Le revenu de base (ou revenu universel) est déjà un vieux serpent de mer. Cette idée est apparue dès le XVIème siècle chez le philosophe Thomas More, puis reprise dans l’histoire par Napoléon ou encore Martin Luther King, notamment. L’idée est relativement simple : un revenu distribué de manière inconditionnelle à l’ensemble des « citoyens », chômeurs volontaires ou involontaires, travailleurs à temps plein ou à temps partiel, et cumulable avec d’autres revenus.
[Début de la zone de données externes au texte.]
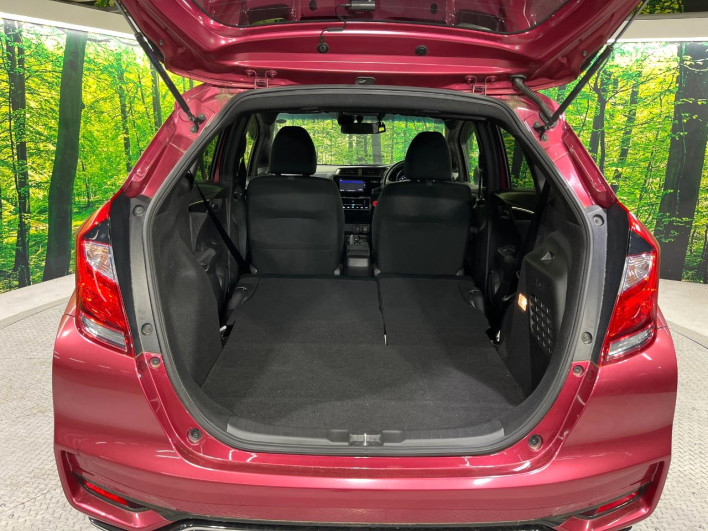 2017 Honda Fit Hybrid DAA-GP5 (UW-69f2a45397447)[16]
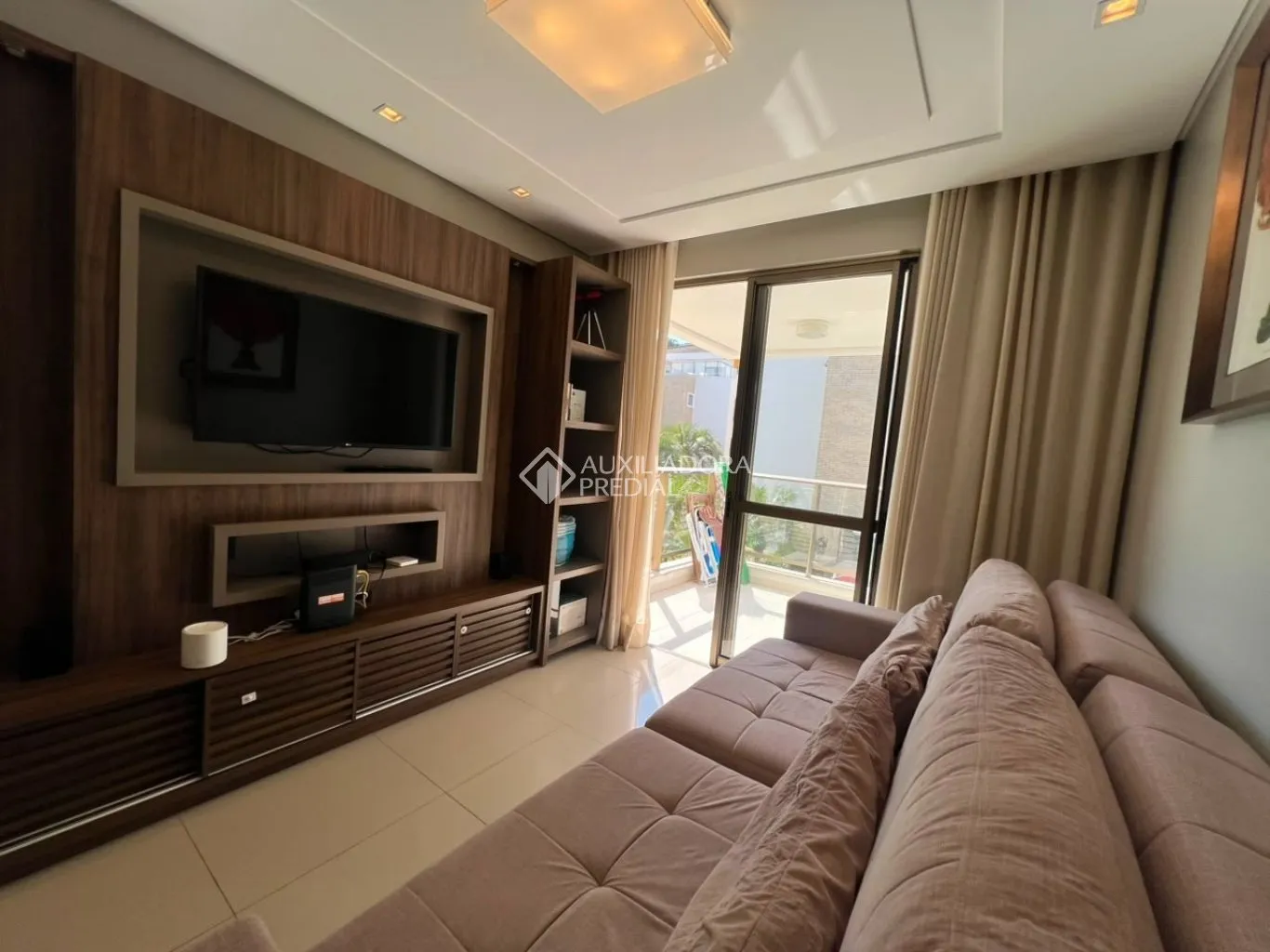 Apartamento amueblado de 2 dormitorios y cocina abierta — photo 10
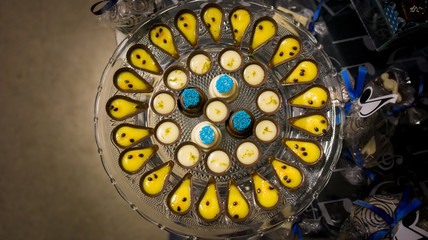 Doce de chocolate com mousse de maracujá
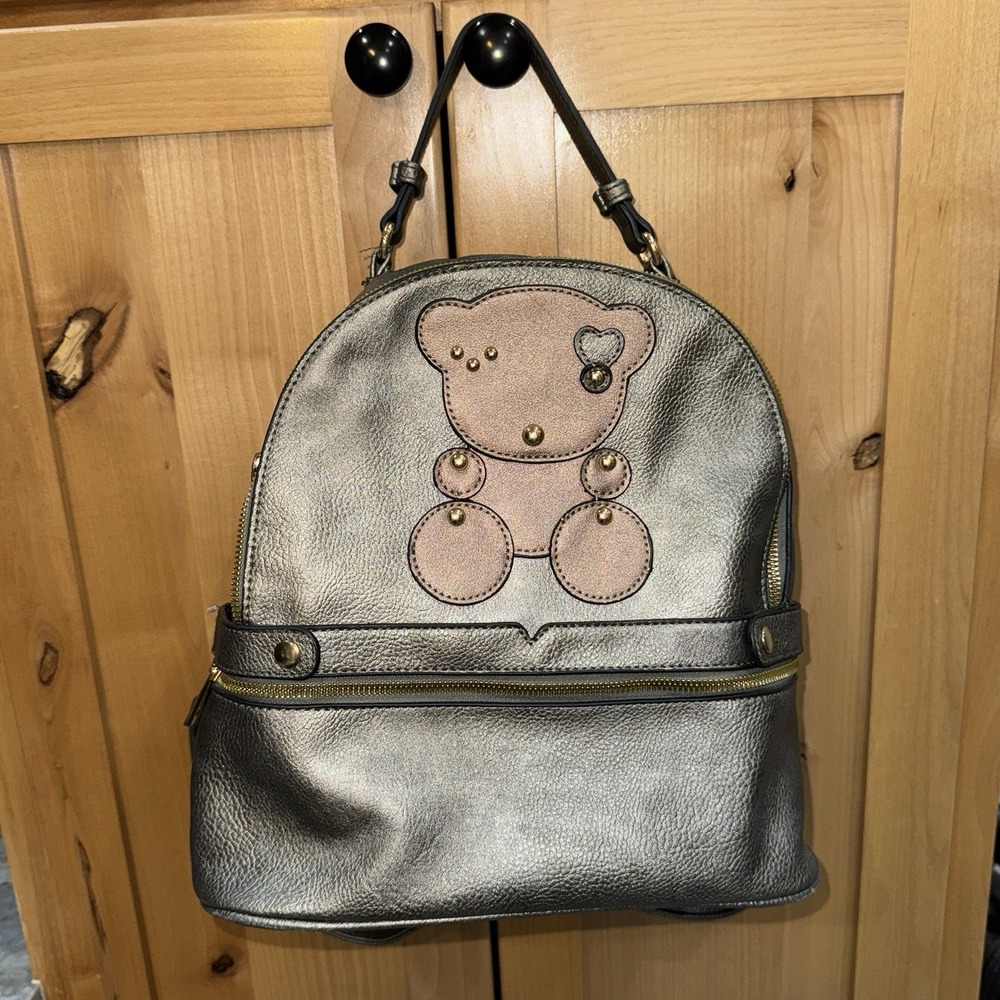 Metallic Pewter Teddy Bear‎ Backpack Faux Leather Shoulder Straps Zip Up Gray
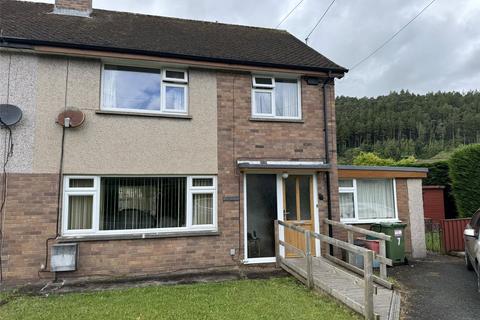3 bed property, in Newtown Road, £275,000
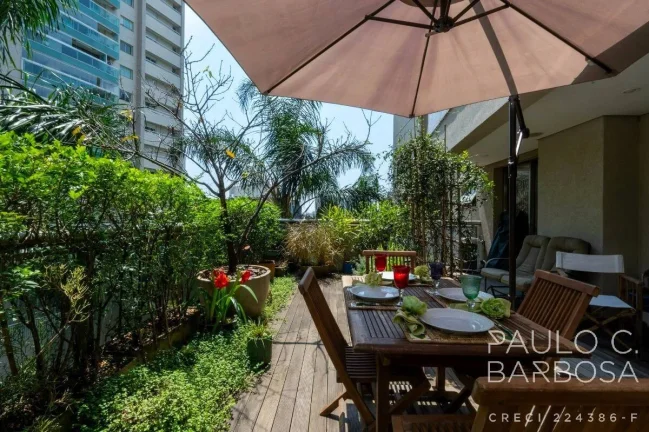 Imagem Vila Suzana Venda - 3 Dormitórios (2 Suítes) - 4 Vagas - 250m²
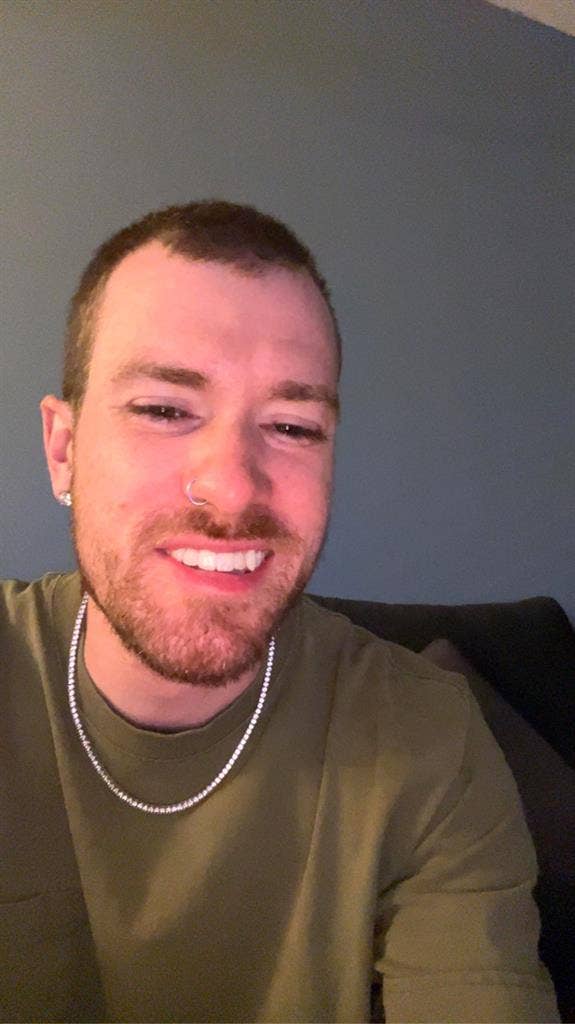 Looking for roommate by June th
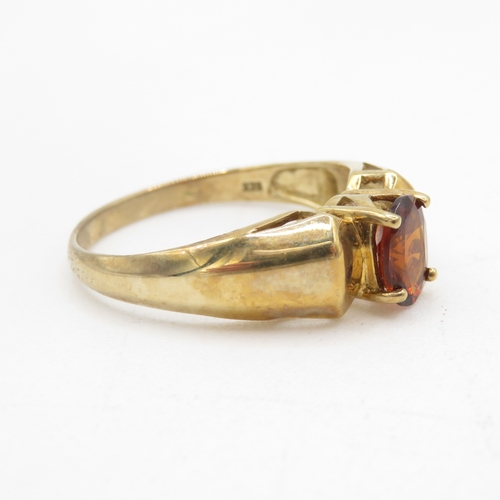 14 - 9ct gold and garnet ring (2.8g) Size Q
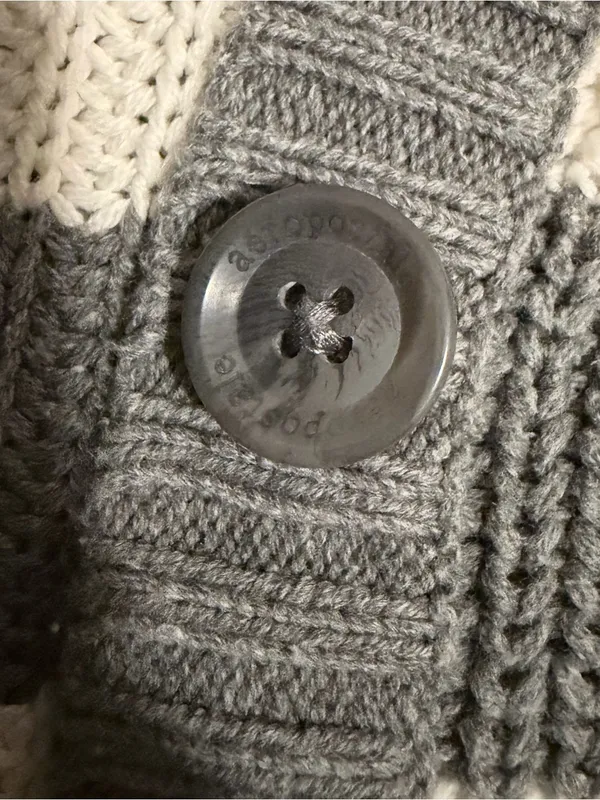 2000s vintage style 2011 aeropostale gray and white striped hooded knit cardigan - Image 10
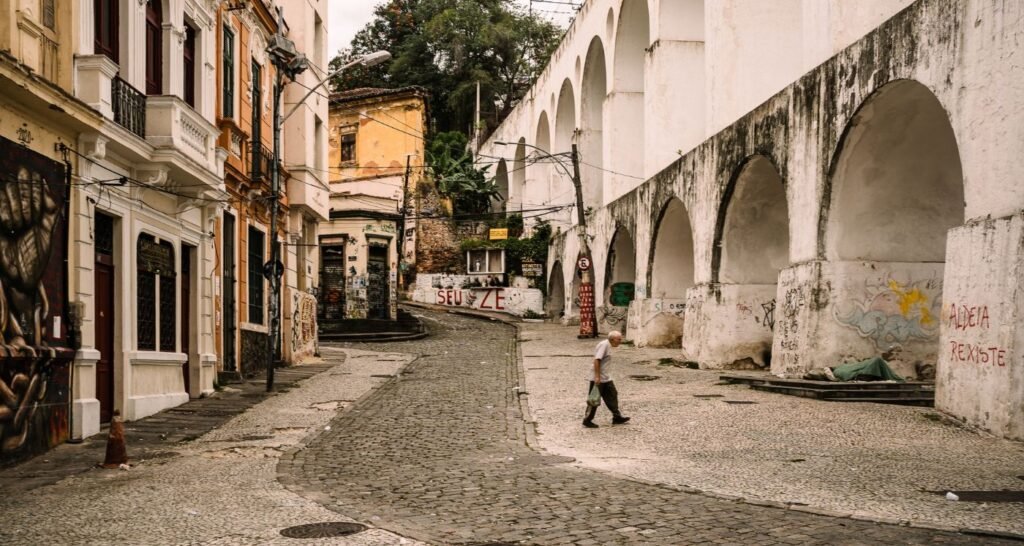 Lapa la nuit : itinéraire dans le quartier bohème le plus célèbre de Rio 8 lapa a noite arcos featured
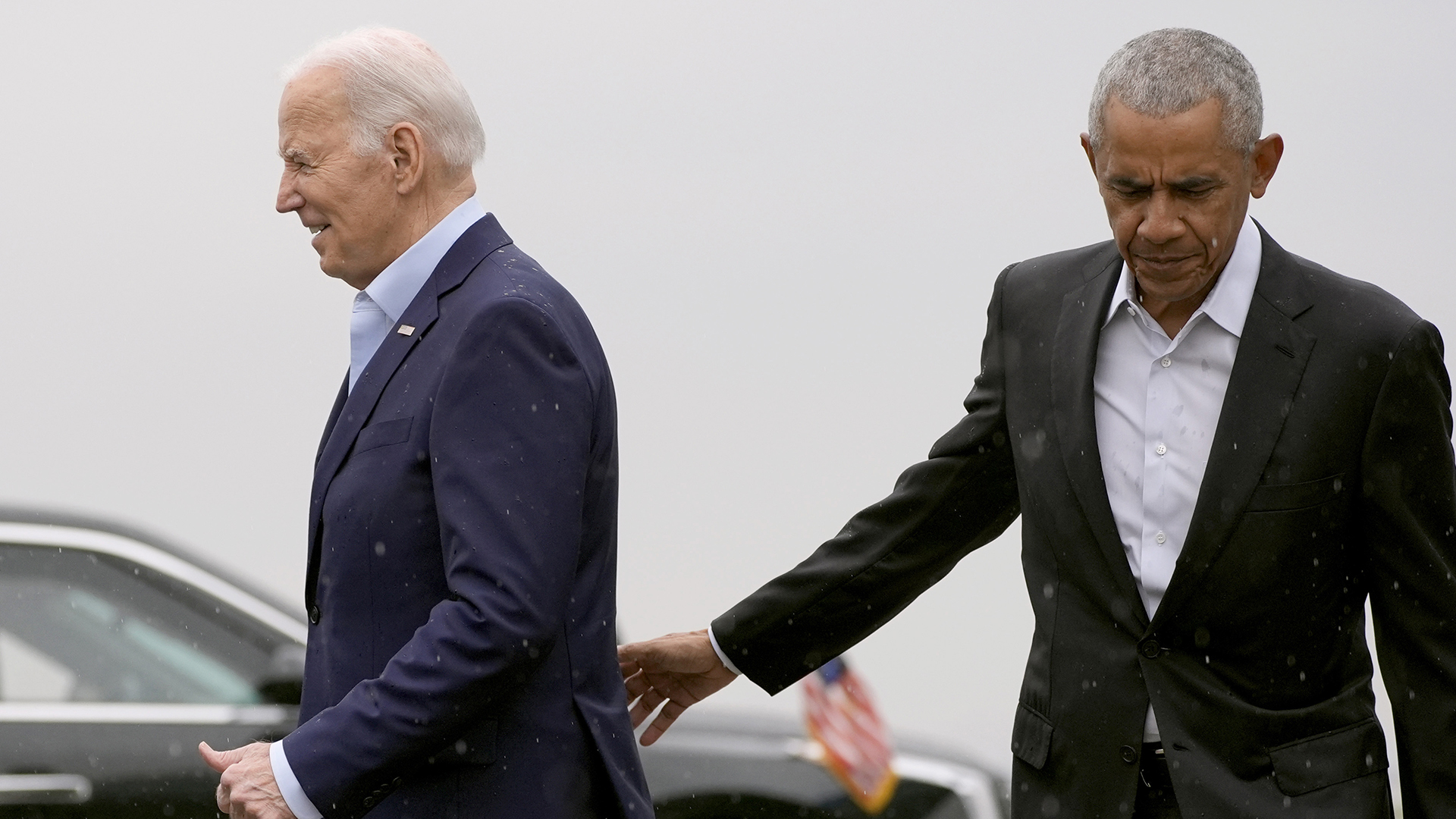 Joe Biden (à gauche) et Barack Obama arrivent à l'aéroport John F. Kennedy de New York en mars 2024.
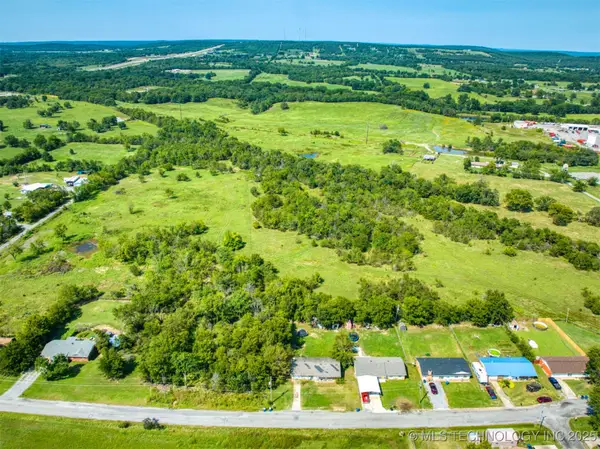 19 E Creek Avenue, Krebs, OK 74554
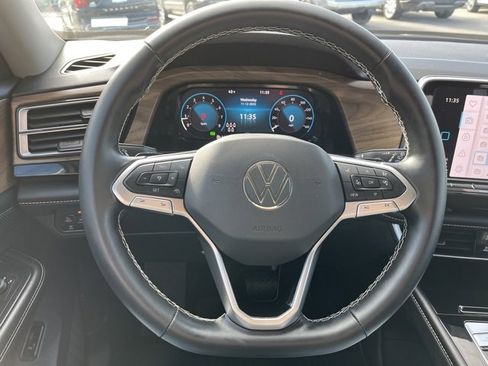 Used 2025 Volkswagen Atlas SE image 34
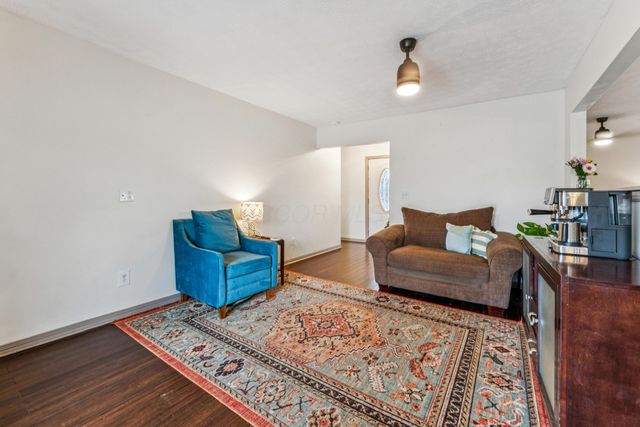 1381 Brentfield Place, Columbus, OH 43228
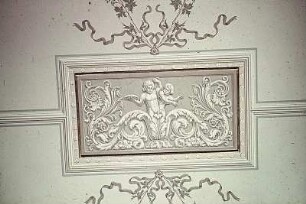 Stuckrelief mit Putten und Akanthusranken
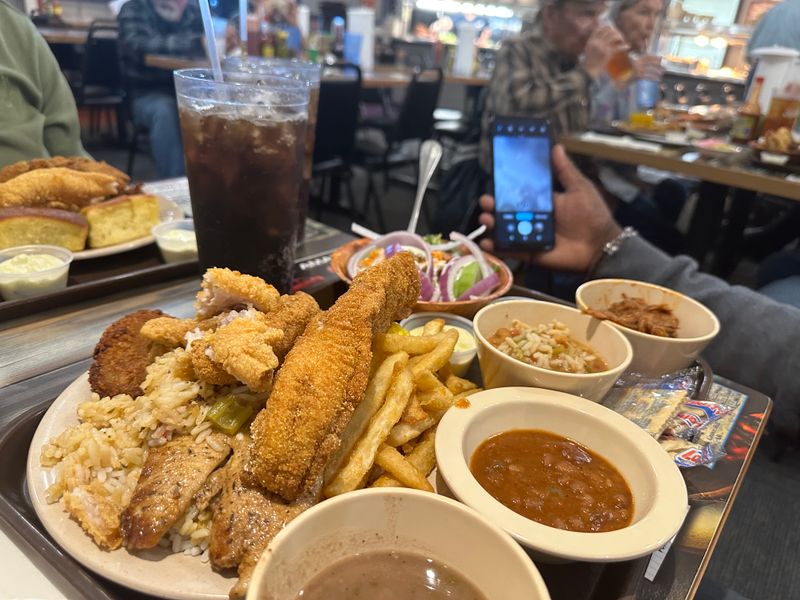 Buffet Basics: What&rsquo;s On Your Plate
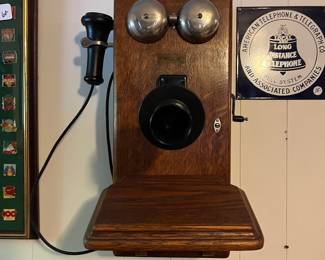 A154 - $185. Antique Northern Electric Oak hand crank telephone. Cranks and rings.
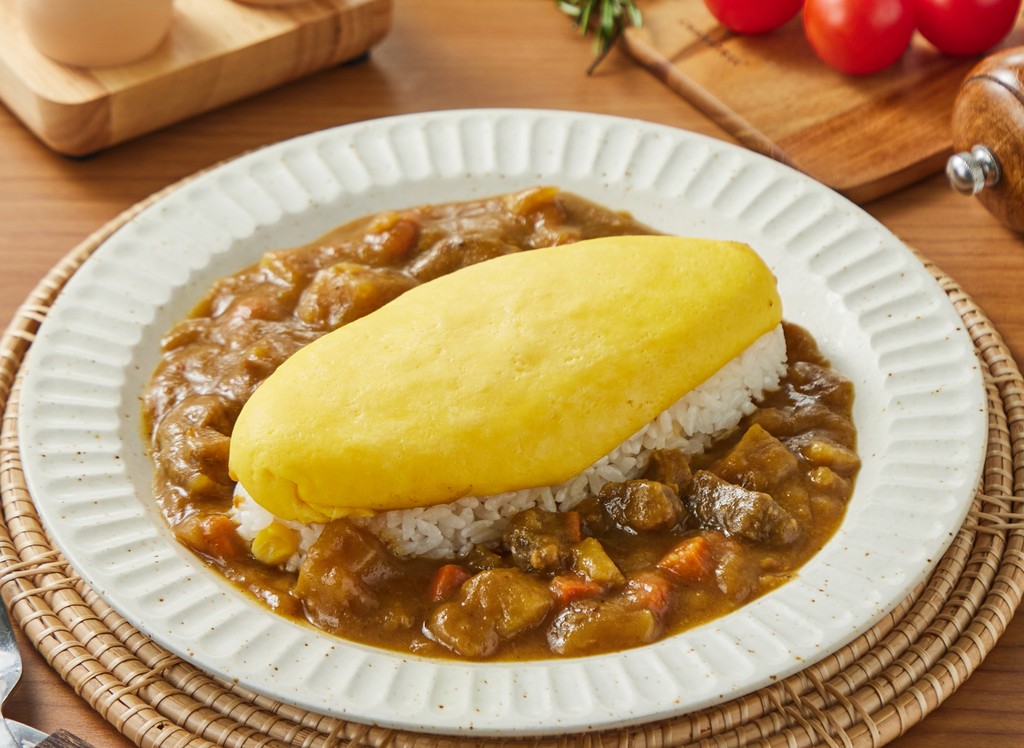 Frozen curry potato omurice meal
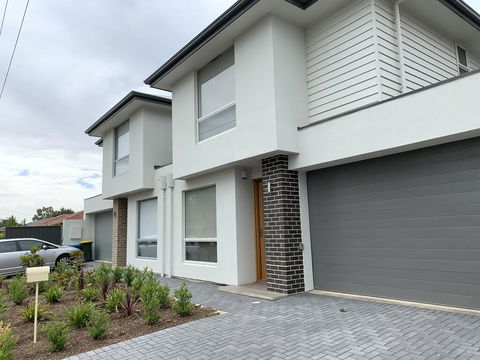 Spacious Rooms Home-Stay With Free Wifi - Airlie Beach Holiday 1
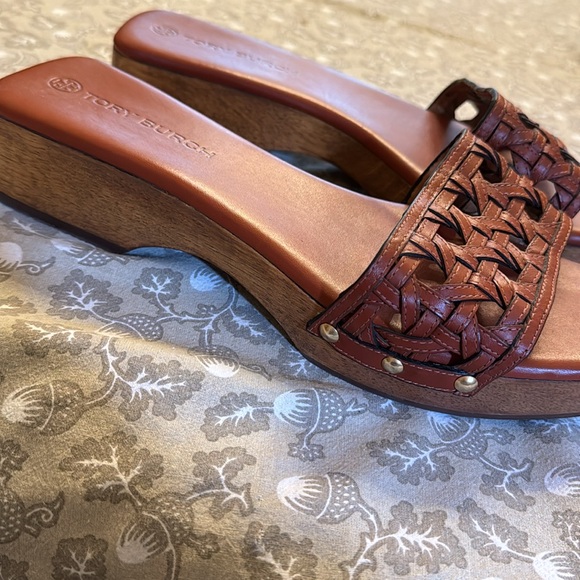 Chic Tory Burch woven leather platform slides - Picture 4 of 5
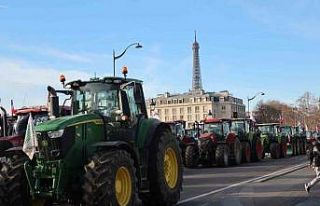 Paris’te çiftçilerden 350’den fazla traktörle...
Sur le papier, ça paraît alléchant : Marx voyait un revenu socialisé universel face à un monde où seules les machines créeraient de la richesse. A partir de là, on peut imaginer une société ayant éradiqué la pauvreté, où chacun pourrait choisir son devenir ; faire le choix du non-travail et privilégier des activités non lucratives correspondant à ses sensibilités culturelles au sens large, ou simplement, travailler moins en privilégiant d’autres aspects de la vie.
Anguille sous roche. L’idée est revenue sur le devant de la scène en janvier lors de la remise du rapport du Conseil national du numérique qui préconise cette idée au vu des mutations économiques induites par le développement du numérique (42% des métiers – sur-tout à qualifications moyennes – seraient amenés à disparaître dans l’avenir). Ce qui n’est pas pour déplaire à certains qui y voient une formidable opportunité d’enfoncer le clou en allant plus loin dans une libéralisation forcenée de l’économie.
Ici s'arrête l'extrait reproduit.